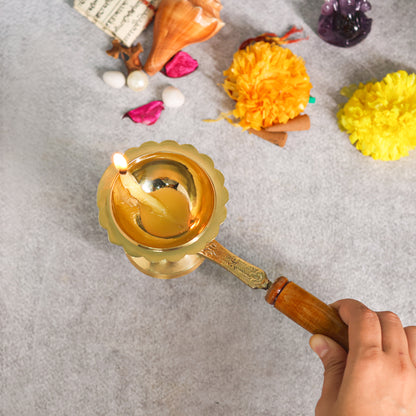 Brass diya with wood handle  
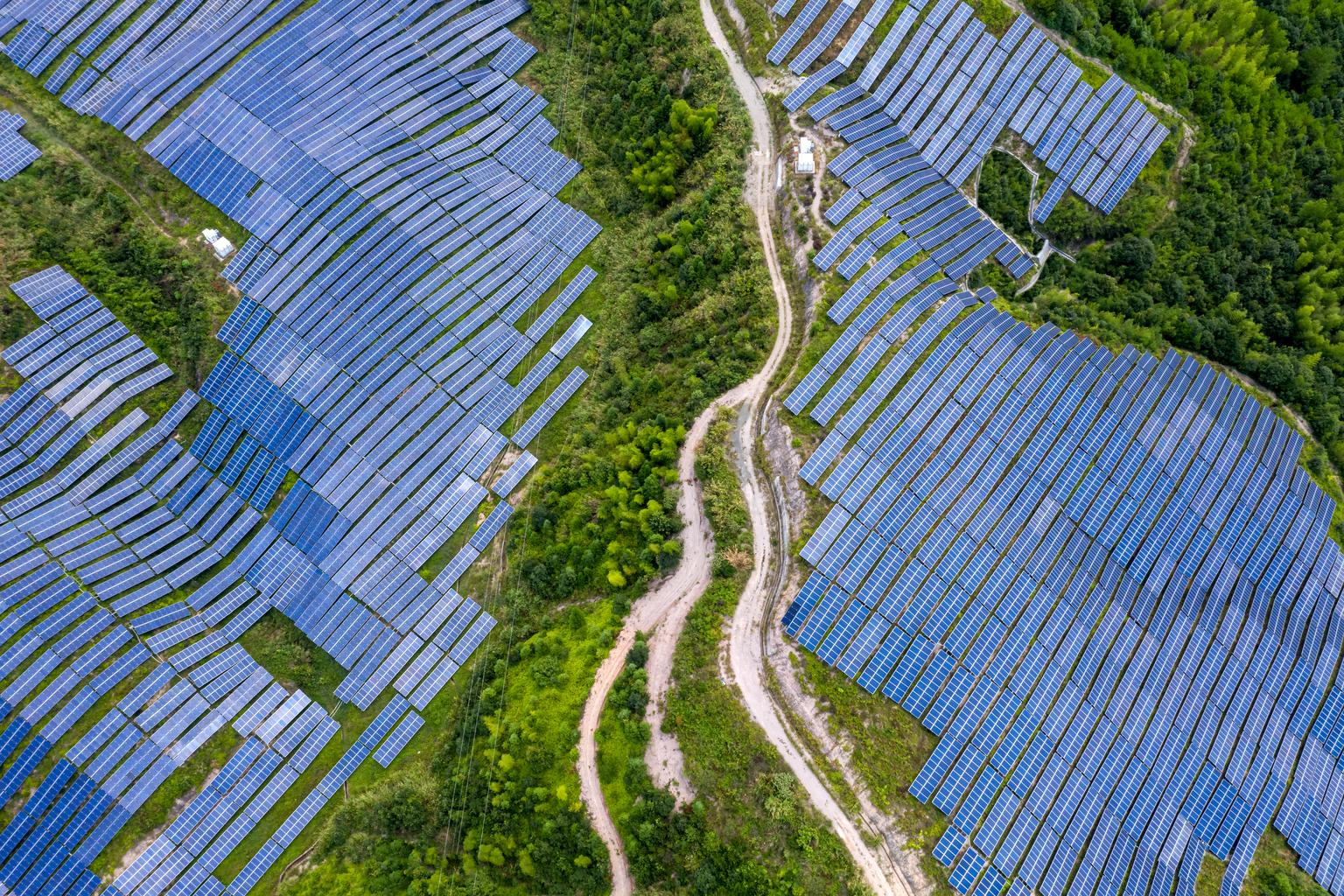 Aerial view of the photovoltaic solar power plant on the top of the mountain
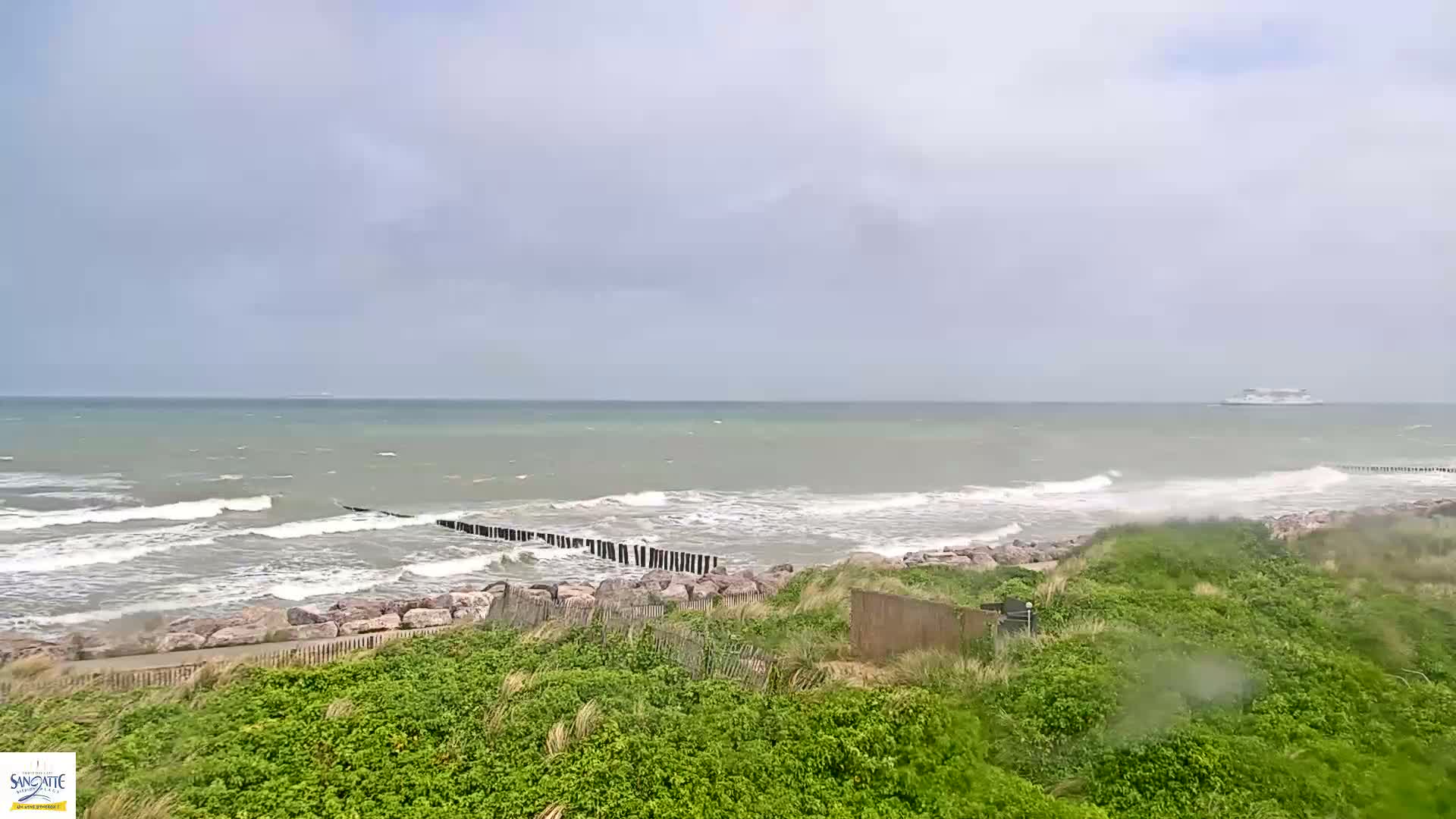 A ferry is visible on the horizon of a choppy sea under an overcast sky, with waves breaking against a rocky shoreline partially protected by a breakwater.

================

Each line of the data above must be repeated exactly, images excluded.

**RESULT**:
 Brass diya with wood handle  
 Aerial view of the photovoltaic solar power plant on the top of the mountain
 A ferry is visible on the horizon of a choppy sea under an overcast sky, with waves breaking against a rocky shoreline partially protected by a breakwater.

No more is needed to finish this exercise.